The new BSGS Cuda program can complete a 64 bit range using a RTX 3090 in 1-2 seconds as well.

Thanks for that.

Do you have any resources that explain how kangaroo works? I was able to find some papers that discuss the math regarding optimizing the kangaroo method, but not anything that explains how it works in a way I can understand.

Probably more importantly, do you have a formula that would allow someone to predict how long it should take to calculate a private key with a given number of bits of entropy? For example, going from 64 bits of entropy to 65 bits of entropy means there is 2x the number of potential private keys, would you expect to take approximately 2x the time to find a 65 bit private key as it took you to find a 64 bit key? I have read comments that the checksum may result in false positives when using kangaroo.

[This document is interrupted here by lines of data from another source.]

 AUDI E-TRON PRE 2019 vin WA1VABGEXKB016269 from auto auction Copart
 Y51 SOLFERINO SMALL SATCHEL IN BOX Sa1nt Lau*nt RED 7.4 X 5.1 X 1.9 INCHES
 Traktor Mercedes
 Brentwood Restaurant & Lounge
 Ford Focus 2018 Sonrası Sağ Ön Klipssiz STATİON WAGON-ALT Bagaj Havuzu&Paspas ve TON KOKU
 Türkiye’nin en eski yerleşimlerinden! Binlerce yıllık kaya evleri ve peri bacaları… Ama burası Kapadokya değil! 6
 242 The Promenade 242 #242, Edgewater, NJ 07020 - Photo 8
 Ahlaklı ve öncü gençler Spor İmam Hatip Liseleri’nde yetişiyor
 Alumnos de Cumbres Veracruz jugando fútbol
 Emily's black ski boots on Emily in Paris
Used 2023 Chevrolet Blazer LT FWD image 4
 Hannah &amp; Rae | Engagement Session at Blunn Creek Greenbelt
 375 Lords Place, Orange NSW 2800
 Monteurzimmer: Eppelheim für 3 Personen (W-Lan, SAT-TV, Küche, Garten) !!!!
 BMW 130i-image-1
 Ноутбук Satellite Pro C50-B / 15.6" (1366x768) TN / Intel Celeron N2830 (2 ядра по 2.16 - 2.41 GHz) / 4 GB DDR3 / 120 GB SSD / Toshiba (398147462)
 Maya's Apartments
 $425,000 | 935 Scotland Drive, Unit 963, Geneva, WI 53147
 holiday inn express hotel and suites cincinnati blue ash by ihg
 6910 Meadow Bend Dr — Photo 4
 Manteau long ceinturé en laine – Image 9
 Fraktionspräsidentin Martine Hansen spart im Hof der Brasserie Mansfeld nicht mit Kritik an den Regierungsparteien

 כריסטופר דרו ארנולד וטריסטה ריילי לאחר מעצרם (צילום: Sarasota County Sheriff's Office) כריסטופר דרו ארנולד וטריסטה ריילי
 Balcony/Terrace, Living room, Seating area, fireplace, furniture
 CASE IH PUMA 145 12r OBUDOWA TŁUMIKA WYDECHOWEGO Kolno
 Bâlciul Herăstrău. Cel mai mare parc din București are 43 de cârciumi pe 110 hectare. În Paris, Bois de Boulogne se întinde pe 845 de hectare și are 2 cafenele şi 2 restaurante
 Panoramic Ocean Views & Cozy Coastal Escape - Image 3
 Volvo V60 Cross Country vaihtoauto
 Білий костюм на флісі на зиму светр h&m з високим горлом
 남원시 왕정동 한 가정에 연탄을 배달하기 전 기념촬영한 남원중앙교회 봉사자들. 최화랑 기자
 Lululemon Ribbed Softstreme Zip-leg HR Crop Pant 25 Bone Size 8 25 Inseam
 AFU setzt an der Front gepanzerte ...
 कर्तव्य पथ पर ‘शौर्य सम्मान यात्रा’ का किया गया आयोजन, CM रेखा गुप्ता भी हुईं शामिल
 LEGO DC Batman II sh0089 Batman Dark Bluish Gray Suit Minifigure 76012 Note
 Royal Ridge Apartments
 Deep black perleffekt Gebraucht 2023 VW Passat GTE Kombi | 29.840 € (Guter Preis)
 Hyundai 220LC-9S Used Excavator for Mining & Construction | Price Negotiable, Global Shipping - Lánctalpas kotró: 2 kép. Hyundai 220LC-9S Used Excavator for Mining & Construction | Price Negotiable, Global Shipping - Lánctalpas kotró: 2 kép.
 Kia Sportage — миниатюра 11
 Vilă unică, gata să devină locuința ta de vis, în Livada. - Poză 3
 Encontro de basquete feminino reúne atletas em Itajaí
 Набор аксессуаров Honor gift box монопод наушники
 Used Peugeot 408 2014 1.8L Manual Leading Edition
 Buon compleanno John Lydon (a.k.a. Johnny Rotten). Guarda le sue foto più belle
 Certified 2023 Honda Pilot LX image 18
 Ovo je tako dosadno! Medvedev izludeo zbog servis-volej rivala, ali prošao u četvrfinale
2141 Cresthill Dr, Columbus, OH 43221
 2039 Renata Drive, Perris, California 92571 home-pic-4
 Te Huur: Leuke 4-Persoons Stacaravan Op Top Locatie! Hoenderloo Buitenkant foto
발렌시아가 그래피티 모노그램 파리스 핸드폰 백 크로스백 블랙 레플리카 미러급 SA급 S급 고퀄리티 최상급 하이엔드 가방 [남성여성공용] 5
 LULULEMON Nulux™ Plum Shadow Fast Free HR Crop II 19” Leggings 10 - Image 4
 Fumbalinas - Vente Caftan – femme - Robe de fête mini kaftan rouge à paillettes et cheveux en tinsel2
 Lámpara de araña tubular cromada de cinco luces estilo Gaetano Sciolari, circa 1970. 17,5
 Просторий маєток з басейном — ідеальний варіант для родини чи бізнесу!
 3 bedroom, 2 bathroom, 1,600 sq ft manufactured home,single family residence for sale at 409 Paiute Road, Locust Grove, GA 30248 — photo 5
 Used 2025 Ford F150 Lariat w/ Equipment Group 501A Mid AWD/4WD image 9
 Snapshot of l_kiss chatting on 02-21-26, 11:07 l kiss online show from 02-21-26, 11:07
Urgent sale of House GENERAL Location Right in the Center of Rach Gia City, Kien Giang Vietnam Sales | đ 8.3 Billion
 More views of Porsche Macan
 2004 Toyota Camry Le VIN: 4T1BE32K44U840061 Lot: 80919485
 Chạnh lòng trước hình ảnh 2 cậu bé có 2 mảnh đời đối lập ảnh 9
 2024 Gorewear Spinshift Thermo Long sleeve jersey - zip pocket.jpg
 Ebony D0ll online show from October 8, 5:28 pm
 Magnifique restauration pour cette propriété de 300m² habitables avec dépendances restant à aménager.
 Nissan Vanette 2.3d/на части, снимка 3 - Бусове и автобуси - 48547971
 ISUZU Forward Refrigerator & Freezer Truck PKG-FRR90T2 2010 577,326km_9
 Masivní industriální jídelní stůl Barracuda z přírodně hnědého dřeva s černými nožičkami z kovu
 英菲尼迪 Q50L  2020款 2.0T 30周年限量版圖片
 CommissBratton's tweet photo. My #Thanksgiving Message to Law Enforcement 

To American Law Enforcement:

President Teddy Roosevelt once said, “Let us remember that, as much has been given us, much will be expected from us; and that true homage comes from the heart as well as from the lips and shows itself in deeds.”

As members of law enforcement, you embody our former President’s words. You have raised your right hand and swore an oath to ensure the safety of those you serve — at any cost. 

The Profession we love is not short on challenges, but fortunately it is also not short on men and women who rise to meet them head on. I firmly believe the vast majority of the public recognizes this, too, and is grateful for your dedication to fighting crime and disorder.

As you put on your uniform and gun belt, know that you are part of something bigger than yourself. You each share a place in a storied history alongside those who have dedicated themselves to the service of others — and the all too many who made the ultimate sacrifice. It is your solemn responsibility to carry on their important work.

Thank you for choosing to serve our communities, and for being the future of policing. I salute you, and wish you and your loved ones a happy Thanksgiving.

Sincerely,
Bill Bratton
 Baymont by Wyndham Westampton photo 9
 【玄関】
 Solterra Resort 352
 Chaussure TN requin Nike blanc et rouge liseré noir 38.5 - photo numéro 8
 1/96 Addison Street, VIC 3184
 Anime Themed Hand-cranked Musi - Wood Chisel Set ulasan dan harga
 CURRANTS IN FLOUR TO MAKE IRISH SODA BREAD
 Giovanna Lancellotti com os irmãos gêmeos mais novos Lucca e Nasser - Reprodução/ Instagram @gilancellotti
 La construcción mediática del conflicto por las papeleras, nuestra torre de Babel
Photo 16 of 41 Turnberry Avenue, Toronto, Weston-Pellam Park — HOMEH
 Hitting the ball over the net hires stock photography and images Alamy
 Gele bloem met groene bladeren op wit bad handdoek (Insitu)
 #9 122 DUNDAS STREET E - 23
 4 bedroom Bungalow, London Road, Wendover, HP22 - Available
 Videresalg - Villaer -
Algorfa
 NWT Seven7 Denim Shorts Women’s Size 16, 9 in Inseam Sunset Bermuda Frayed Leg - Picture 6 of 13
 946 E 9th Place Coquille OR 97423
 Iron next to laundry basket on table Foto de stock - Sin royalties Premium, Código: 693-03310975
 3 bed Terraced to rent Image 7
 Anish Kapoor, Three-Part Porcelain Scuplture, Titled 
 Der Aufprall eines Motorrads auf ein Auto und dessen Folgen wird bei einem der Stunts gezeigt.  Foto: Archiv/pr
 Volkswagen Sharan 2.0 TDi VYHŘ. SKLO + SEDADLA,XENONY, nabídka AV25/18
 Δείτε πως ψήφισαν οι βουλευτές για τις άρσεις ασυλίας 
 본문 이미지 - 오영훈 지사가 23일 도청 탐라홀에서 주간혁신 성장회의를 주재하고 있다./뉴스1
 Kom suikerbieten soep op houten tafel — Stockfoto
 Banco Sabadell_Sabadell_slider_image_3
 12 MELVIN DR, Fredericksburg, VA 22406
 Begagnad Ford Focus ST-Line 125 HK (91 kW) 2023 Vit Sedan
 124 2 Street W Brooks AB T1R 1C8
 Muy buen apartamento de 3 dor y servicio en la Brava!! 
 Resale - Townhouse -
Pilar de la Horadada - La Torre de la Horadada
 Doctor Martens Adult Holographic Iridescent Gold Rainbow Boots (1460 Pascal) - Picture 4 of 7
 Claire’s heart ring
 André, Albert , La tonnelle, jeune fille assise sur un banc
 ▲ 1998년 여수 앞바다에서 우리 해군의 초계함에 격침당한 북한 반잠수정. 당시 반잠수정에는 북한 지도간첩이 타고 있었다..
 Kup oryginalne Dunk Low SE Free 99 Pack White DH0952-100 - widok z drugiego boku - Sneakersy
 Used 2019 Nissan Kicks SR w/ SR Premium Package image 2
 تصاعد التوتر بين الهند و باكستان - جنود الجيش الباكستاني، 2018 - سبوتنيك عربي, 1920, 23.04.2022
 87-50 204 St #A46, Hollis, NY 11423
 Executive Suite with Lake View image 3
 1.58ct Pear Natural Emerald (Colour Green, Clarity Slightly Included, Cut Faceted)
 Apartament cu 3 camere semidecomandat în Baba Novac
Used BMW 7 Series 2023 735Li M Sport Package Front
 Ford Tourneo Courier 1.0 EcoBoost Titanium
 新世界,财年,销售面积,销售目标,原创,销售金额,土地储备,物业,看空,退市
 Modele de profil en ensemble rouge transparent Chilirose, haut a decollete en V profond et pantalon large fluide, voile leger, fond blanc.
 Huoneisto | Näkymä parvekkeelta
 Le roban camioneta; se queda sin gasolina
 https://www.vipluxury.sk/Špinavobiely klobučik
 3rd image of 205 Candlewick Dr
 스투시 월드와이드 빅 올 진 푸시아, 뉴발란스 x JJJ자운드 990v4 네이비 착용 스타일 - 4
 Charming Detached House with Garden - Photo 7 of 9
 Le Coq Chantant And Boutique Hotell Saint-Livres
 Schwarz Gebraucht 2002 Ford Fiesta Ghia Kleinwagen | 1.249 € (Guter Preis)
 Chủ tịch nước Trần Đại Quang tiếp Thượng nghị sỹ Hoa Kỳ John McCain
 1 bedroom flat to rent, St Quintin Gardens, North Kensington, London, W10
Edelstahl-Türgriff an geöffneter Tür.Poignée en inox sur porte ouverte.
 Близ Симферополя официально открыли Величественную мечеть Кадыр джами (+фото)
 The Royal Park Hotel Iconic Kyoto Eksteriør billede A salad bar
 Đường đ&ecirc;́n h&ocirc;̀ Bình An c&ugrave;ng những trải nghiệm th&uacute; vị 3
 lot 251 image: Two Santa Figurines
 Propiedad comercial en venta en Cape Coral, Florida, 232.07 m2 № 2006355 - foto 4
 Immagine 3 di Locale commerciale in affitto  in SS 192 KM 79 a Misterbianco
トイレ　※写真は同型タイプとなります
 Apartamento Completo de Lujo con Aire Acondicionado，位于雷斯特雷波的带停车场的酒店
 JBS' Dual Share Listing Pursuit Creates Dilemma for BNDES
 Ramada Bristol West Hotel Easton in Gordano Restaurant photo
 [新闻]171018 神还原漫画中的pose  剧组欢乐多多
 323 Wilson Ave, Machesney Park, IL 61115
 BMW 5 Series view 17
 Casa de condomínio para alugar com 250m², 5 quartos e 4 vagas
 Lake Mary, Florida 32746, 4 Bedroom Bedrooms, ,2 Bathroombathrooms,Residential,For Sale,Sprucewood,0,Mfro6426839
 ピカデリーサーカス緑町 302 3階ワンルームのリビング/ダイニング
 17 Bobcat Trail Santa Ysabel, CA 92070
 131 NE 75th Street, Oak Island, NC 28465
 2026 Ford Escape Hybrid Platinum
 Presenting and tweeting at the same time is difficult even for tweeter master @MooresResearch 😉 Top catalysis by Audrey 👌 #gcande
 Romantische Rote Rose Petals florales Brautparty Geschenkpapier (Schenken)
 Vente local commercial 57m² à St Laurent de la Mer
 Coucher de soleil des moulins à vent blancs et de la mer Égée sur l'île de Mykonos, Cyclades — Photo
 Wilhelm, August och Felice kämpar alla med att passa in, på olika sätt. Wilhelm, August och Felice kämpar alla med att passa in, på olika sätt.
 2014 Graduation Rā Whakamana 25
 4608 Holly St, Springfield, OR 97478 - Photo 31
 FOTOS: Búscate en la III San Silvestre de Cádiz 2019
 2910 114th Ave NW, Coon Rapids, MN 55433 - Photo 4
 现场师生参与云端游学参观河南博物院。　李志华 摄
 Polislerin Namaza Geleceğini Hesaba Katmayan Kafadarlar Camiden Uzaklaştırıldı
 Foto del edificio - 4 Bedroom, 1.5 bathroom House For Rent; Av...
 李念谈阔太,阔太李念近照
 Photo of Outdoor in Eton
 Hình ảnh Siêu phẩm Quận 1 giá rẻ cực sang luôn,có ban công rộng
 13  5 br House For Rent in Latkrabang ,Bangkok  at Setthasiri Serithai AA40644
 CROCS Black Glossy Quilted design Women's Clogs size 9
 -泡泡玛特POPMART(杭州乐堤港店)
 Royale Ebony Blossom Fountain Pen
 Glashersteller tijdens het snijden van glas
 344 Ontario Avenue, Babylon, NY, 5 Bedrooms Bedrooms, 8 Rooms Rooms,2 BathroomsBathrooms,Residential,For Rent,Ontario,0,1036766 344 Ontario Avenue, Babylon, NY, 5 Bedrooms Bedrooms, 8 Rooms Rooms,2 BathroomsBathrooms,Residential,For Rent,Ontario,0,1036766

Title: Re: 64. Can the Transfer of the Inventor of the Puzzle Be Manipulated?
Post by: WanderingPhilospher on October 31, 2021, 07:44:58 PM
Quote
Do you have any resources that explain how kangaroo works? I was able to find some papers that discuss the math regarding optimizing the kangaroo method, but not anything that explains how it works in a way I can understand.

Probably more importantly, do you have a formula that would allow someone to predict how long it should take to calculate a private key with a given number of bits of entropy? For example, going from 64 bits of entropy to 65 bits of entropy means there is 2x the number of potential private keys, would you expect to take approximately 2x the time to find a 65 bit private key as it took you to find a 64 bit key? I have read comments that the checksum may result in false positives when using kangaroo.

A good resource is JLPs github kangaroo page:
https://github.com/JeanLucPons/Kangaroo (https://github.com/JeanLucPons/Kangaroo)

and if you want a deep dive, check out the BTC topic here:

https://bitcointalk.org/index.php?topic=5244940.0 (https://bitcointalk.org/index.php?topic=5244940.0)


Title: Re: 64. Can the Transfer of the Inventor of the Puzzle Be Manipulated?
Post by: HCP on October 31, 2021, 11:36:40 PM
Just as a test I ran Kangaroo using CPU only... (6 core, 12 threads Ryzen 5 3600)... It solved the #63 puzzle in 2:40
https://talkimg.com/images/2023/11/14/zz4yD.png


Using just the GTX1080, Kangaroo solved it in 26s. :o :o :o
https://talkimg.com/images/2023/11/14/zz5bf.png


Obviously the #64 puzzle is significantly larger than #63... but then I tried the #65 puzzle (which is even larger) and the GTX1080 solved that in only 1:34
https://talkimg.com/images/2023/11/14/zz9SZ.png


Having such a small range, and the pubkey really does make cracking these private keys very trivial.